* What you have to do *
Repeat the listing below exactly from the line with "Carte Naissance 'Welcome" through its last line. Skip every picture.

* Data provided *
————————

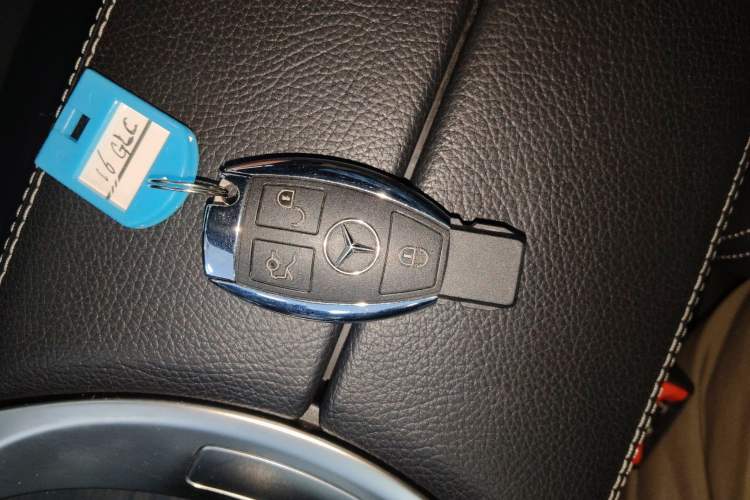 Used Mercedes-Benz GLC 2016 GLC 260 4MATIC Dynamic Edition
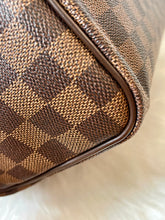 Load image into Gallery viewer, LOUIS VUITTON Damier Canvas Speedy 35
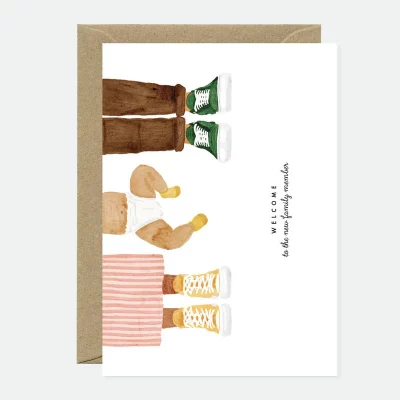 Carte Naissance 'Welcome Baby Family Member', illustration douce de pieds de famille.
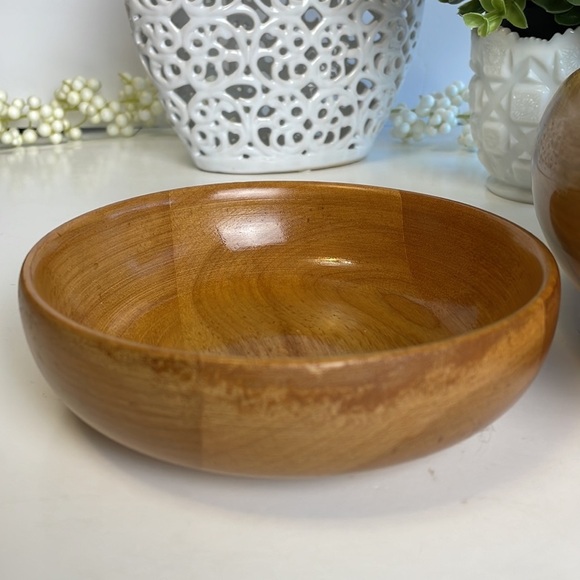 Wooden Salad Set Large Bowl with 4 Smaller Bowl Light Natural Colour - Picture 9 of 14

————————

* Answer below *
 Carte Naissance 'Welcome Baby Family Member', illustration douce de pieds de famille.
 Wooden Salad Set Large Bowl with 4 Smaller Bowl Light Natural Colour - Picture 9 of 14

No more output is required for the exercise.